All too often, however, young carers are invisible. If adults outside their family, particularly teachers and school support staff, are unaware of their caring responsibilities, it is unlikely that the help that they need will reach them, so it is important that we recognise young carers and learn how we can help them, because being a young carer is undoubtedly demanding. They assume adult responsibilities and worries while still a child and have to prepare for and get to school, study for exams and look after themselves.

During the pandemic, the Children’s Society launched the young carers count campaign, which highlighted the experiences of young carers and called for a child’s status as a carer to be included in the school census. The DfE acknowledged the value of that, because in 2022 it began to include young carers as a category in that census. Now that data is being recorded, a much clearer picture of the number of young carers across England and how they are impacted by their caring responsibilities is beginning to emerge.
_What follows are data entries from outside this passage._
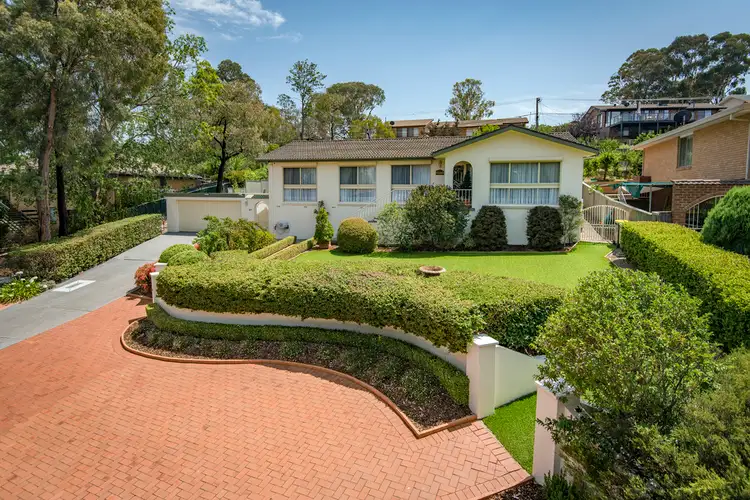 47 Langdon Avenue, Wanniassa ACT 2903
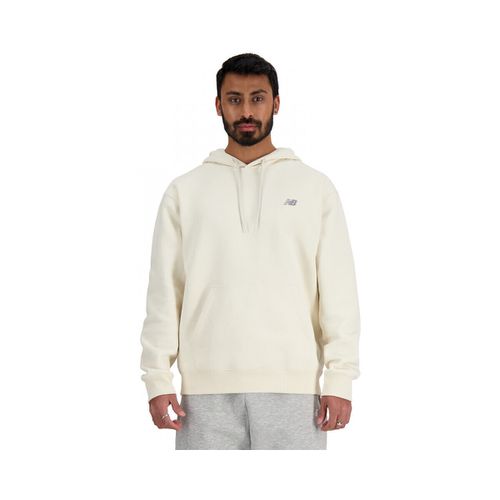 Felpa Sport essentials fleece hoodie - New balance - Modalova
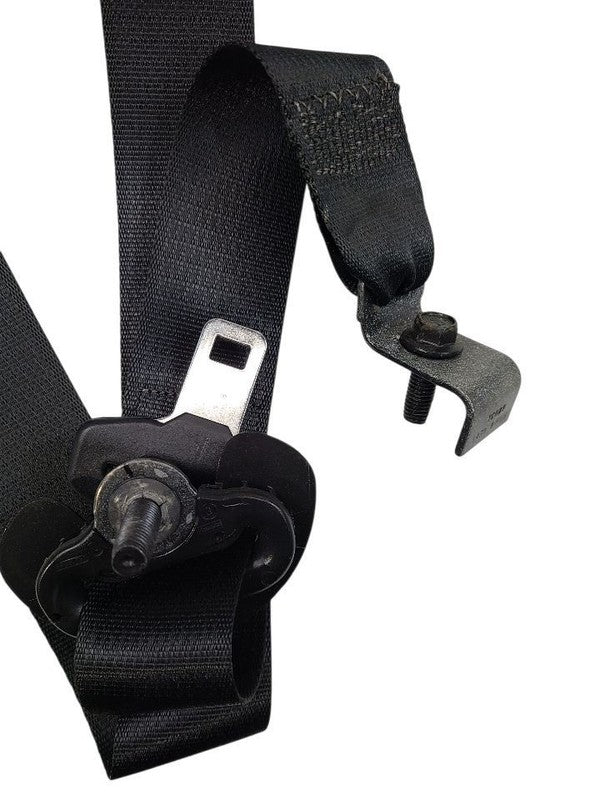 EXPLORER  2017 Seat Belt Rear 634262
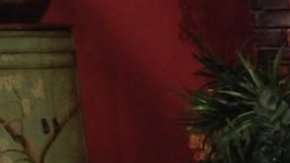 Pati Chapoy de TV Azteca.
With proper resourcing, this should help significantly to improve the support that they receive.

The Children and Families Act 2014 amended the Children Act to make it easier for young carers to get an assessment of their needs and introduced whole-family approaches to assessment and support. Local authorities must offer an assessment where it “appears”—I am not quite sure what that means—that a child is involved in providing care. That legislation is aligned with similar provision in the Care Act 2014 that requires local authorities to consider the needs of young carers if, during the assessment of an adult with care needs, or of an adult carer, it appears that a child is providing or intends to provide care. In those circumstances, the authority must consider whether the care being provided by the child is excessive or inappropriate and how the child’s caring responsibilities affect their well-being, education and development.

Amendment 209 would add to Clause 30, which, of course, is concerned with children not in school. When a local authority is informed that a request has been made for a child to be removed from school, this amendment would require that a young carer’s needs assessment is undertaken. This would highlight cases where a child was being withdrawn to enable them to offer more support to a family member, likely at the expense of them attending school and thus continuing with their education. Increased caring responsibilities almost always mean that there is neither the time nor the facility for a child either to receive meaningful education from that relative or to self-educate, even where he or she was at least theoretically old enough to do so and the appropriate learning materials were made available. The starting point for any such assessment should always be that children are children first.

The young carer’s needs assessment must determine whether a young carer is giving what I described earlier as “excessive” care. Although a child might be undertaking relatively minor care tasks, the time that these take up and the demands that they make on the child could place significant limits on their life—for example, if the level of care interferes with school attendance or appears to be isolating the child in their home and preventing contact with their friends. For that reason, I hope that my noble friend will agree that a needs assessment is necessary to ensure that local authorities are aware of young carers’ needs and that their needs are being met, while preserving their access to education.

Lord Addington Portrait Lord Addington (LD)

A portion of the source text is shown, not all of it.